LONDON // The most sensational spy tale since the Cold War lands in a London court on Tuesday as an inquiry into the radiation poisoning death of Alexander Litvinenko begins.
The former agent with Russia’s FSB security service, who was doing work for Britain’s MI6, was killed with Polonium-210 in 2010, in a case referred to at the time as the world’s first act of nuclear terrorism.
British investigators believe that the hard-to-detect radioactive isotope was stirred into Litvinenko’s tea by two acquaintances who were visiting him from Moscow, Andrei Lugovoi and Dmitri Kovtun, at London’s Mayfair hotel.
The rebel spy died three weeks later and a statement read out in his name accused President Vladimir Putin of direct involvement, saying that “the howl of protest from around the world will reverberate, Mr Putin, in your ears for the rest of your life”.
The hearings will be held behind closed doors because members of the secret services may have to testify and the remit for chairman Robert Owen includes examining intelligence documents.
Britain's Daily Telegraph newspaper reported ahead of the hearings that communications between London and Moscow intercepted by the US National Security Agency pointed to Russian state involvement.

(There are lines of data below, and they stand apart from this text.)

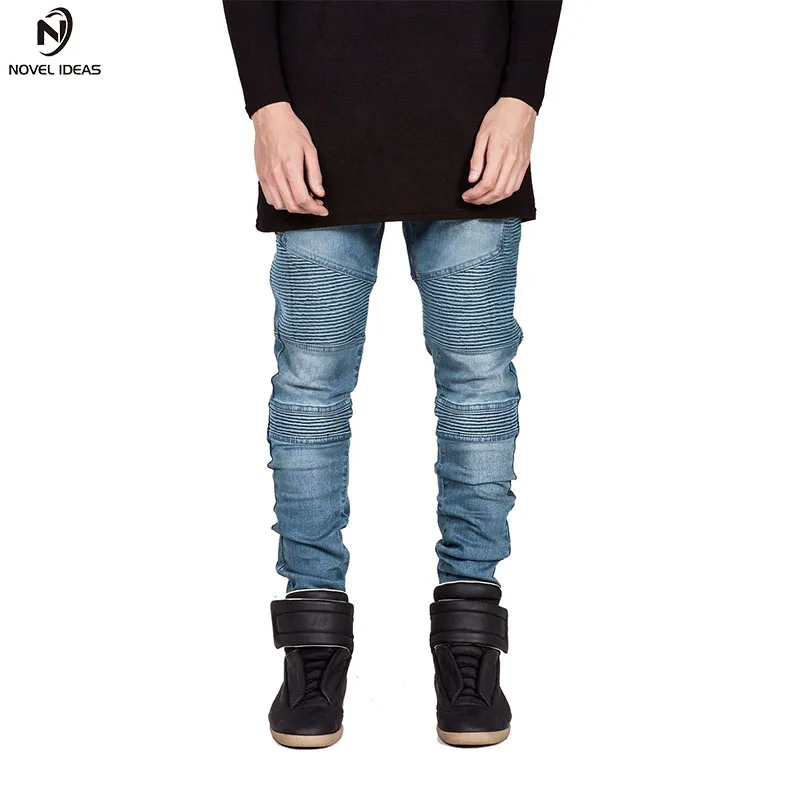 Mens Skinny Jeans Men Runway Distressed slim elastic jeans Denim Biker jeans Hip Hop pants Washed black jeans for men Blue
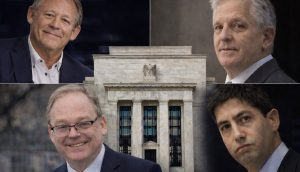 Das Bild zeigt die vier Kandidaten für den Chefposten der Fed. In der Mitte ist das Gebäude der Notenbank zu sehen.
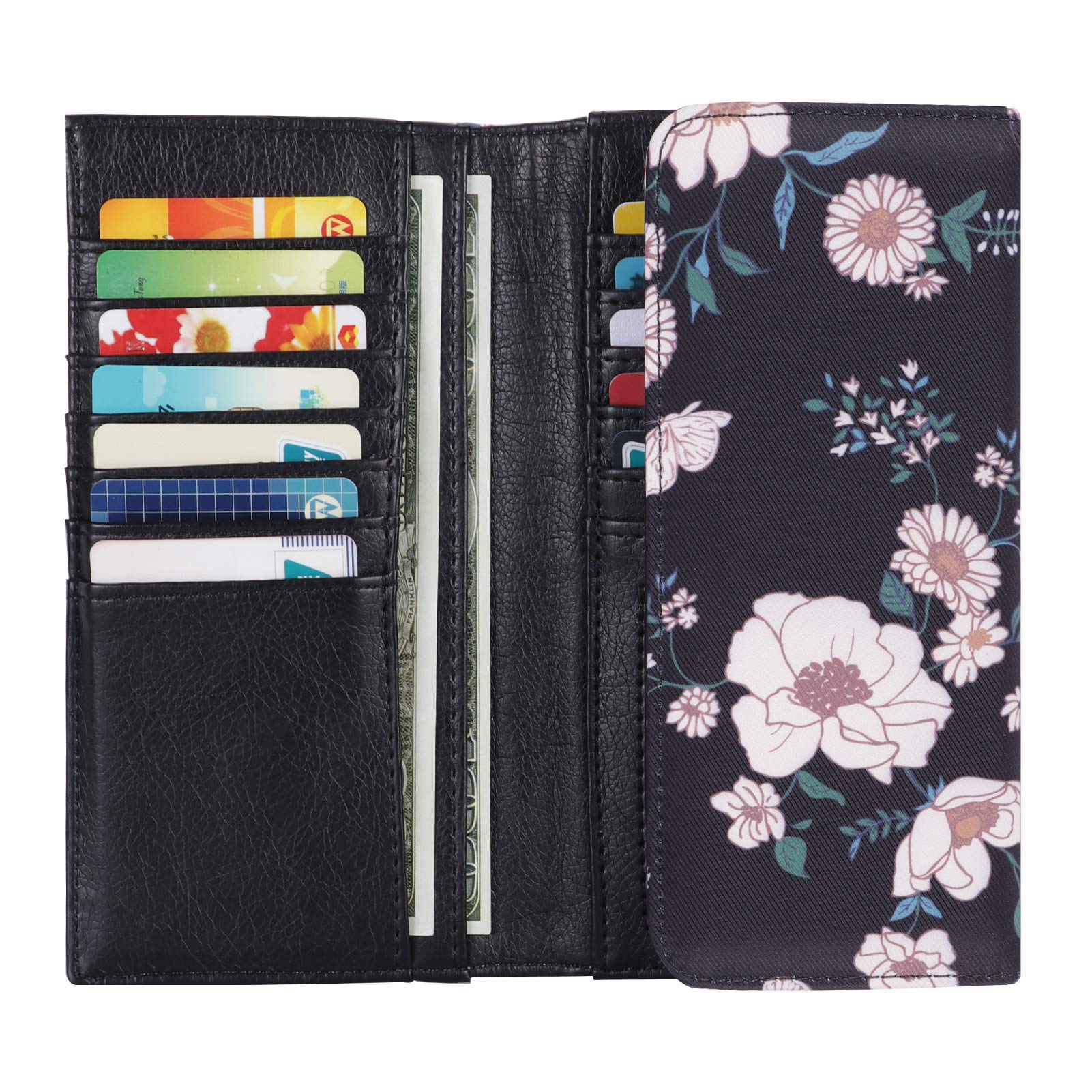 Card Wallet for Women Trifold Floral Credit Card Holder Case with Coin Pocket Snap Closure Gifts For Teen Girls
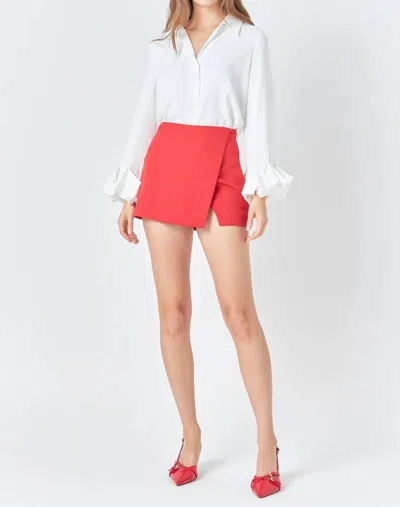 Endless Rose Asymmetric Skort In Red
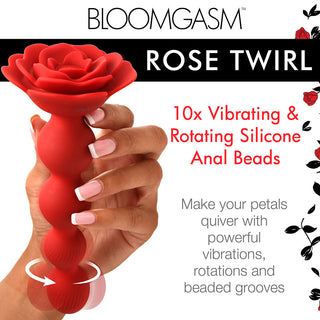 Bloomgasm Rose Twirl 10X Vibrating & Rotating Silicone Anal Beads - Horny Stoner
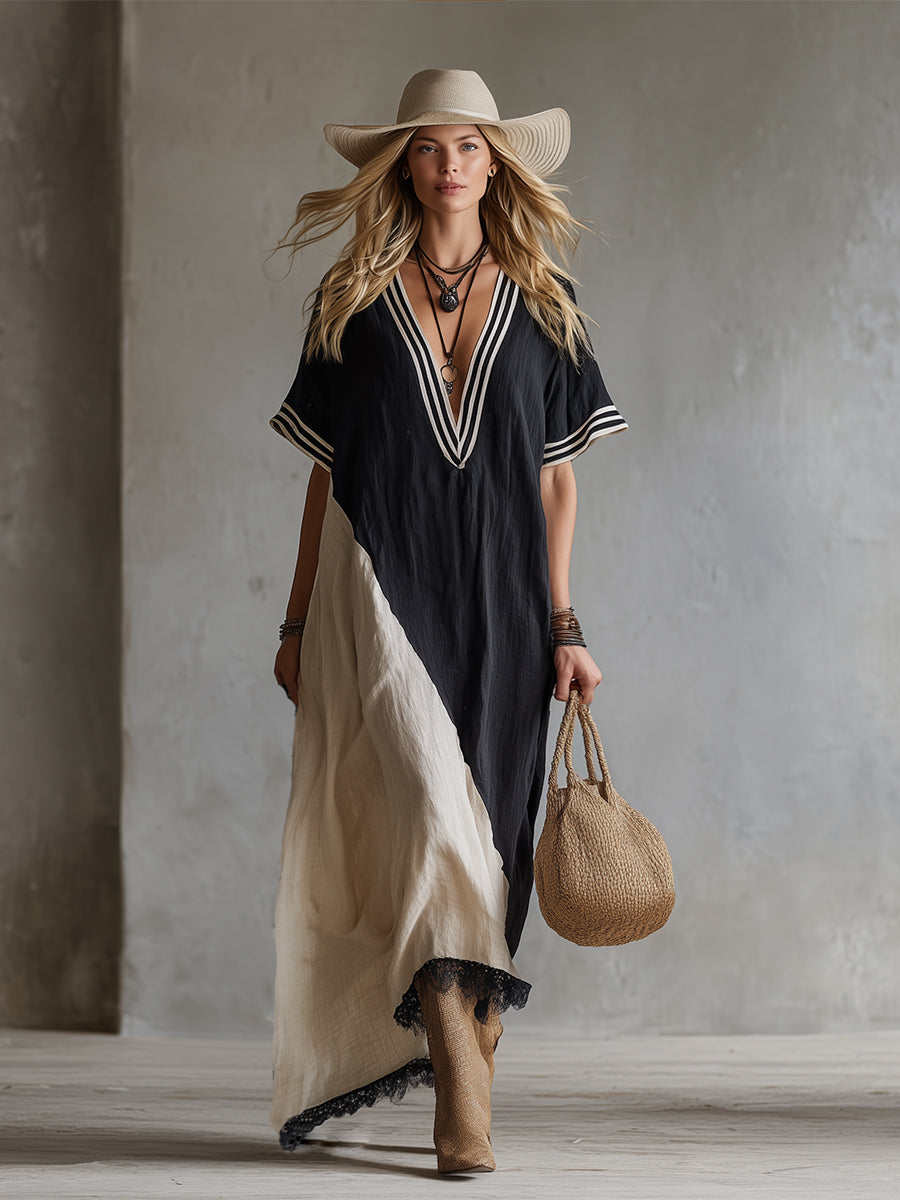 Elegant And Casual Striped Neckline Color-blocked Cotton And Linen Short-sleeved Maxi Dress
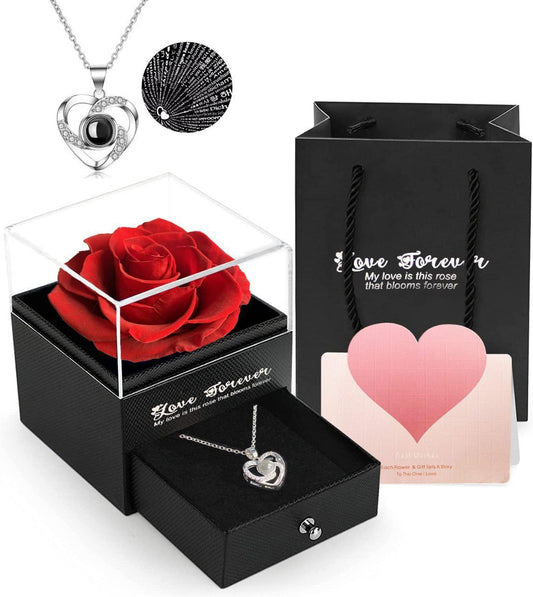 Eternal Love Rose Gift Box with Heart Projection Necklace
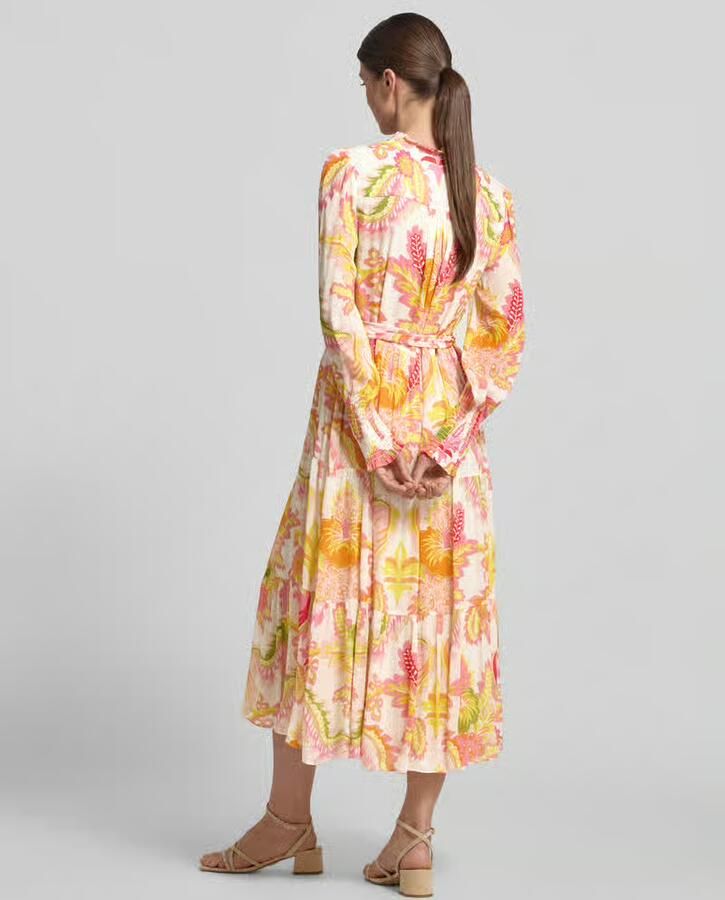 HERZENS regular fit midi-jurk van puur viscose met opstaande kraag - Foto 3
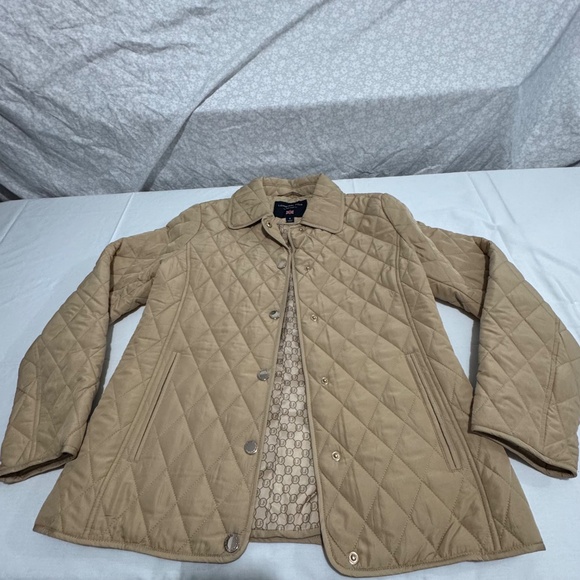 brown london fog jacket button down pocket bothsides size small - Picture 13 of 15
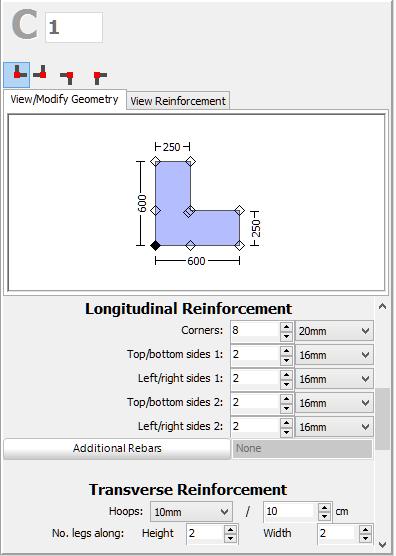 282 SeismoBuild User Manual Reinforcement Pattern Adding single longitudinal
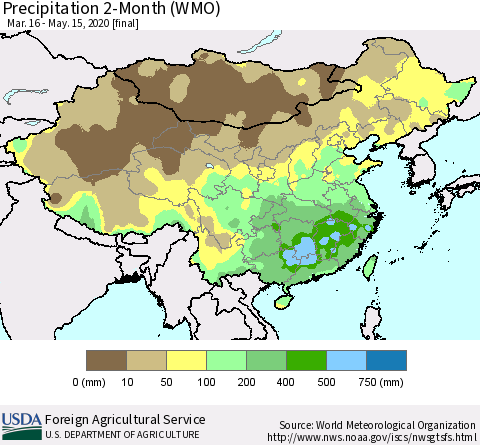 China, Mongolia and Taiwan Precipitation 2-Month (WMO) Thematic Map For 3/16/2020 - 5/15/2020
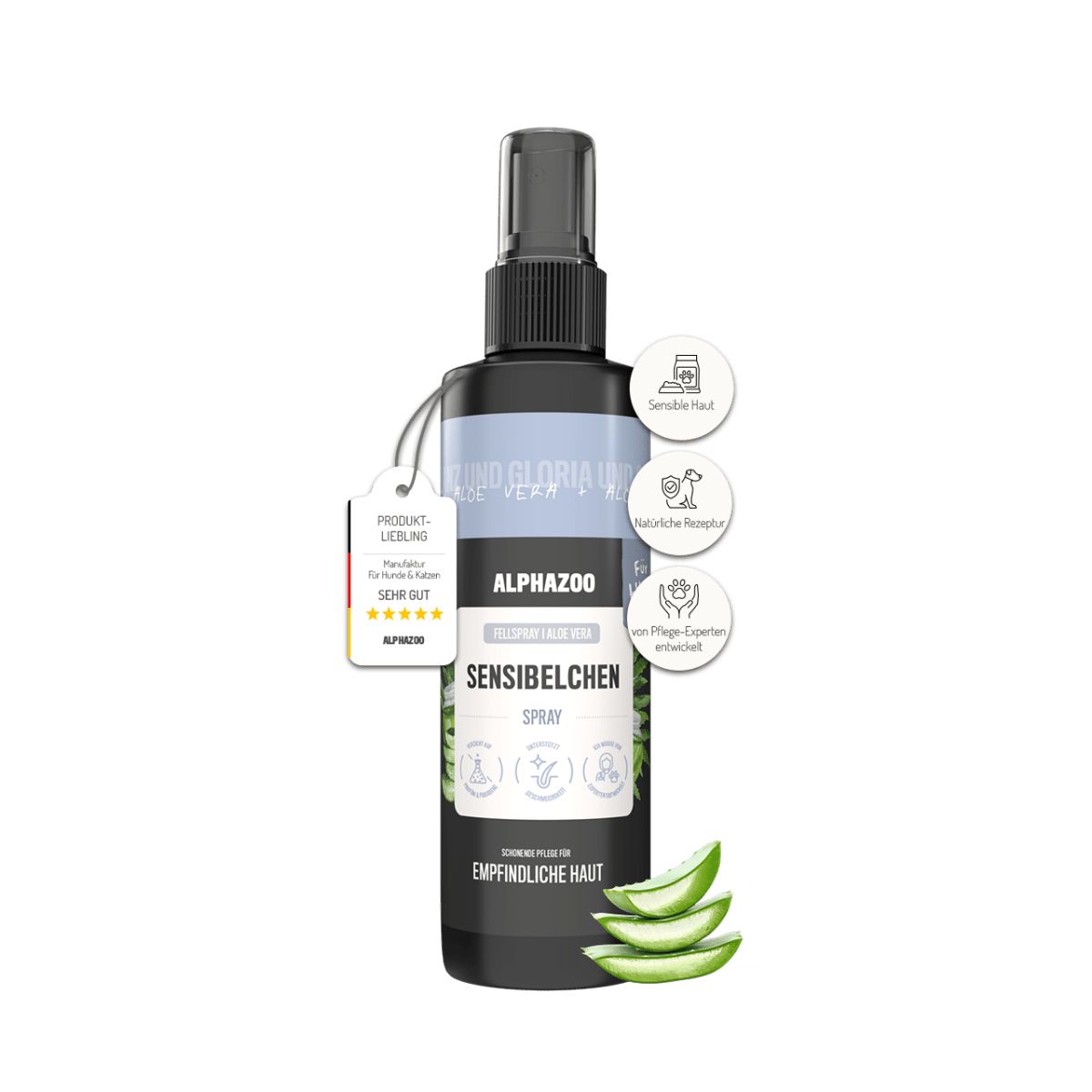 alphazoo Sensibelchen Fellspray für Hunde – Aloe Vera und Jojobaöl 250 ml Spray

Mr Owen, who was the coroner in a previous judicial inquest into Litvinenko’s killing, has said he believes there is evidence of “a prima facie case as to the culpability of the Russian state”.
The theory that Russia was behind the killing is not the only one, given Litvinenko’s investigative work in other European countries including Italy and Spain and his specialisation in researching organised crime.
During the inquest, it also emerged that Litvinenko was working as a consultant for the MI6 foreign intelligence service.
Britain announced the inquiry in July 2014, days after the downing of a Malaysian passenger jet over eastern Ukraine – a tragedy blamed on Russia’s involvement in the conflict in the region – in what was seen as a way of imposing sanctions on Russia.
His widow Marina Litvinenko said, “My struggle has been for the facts to be made public. This is the last thing I can do for him, defend his name.”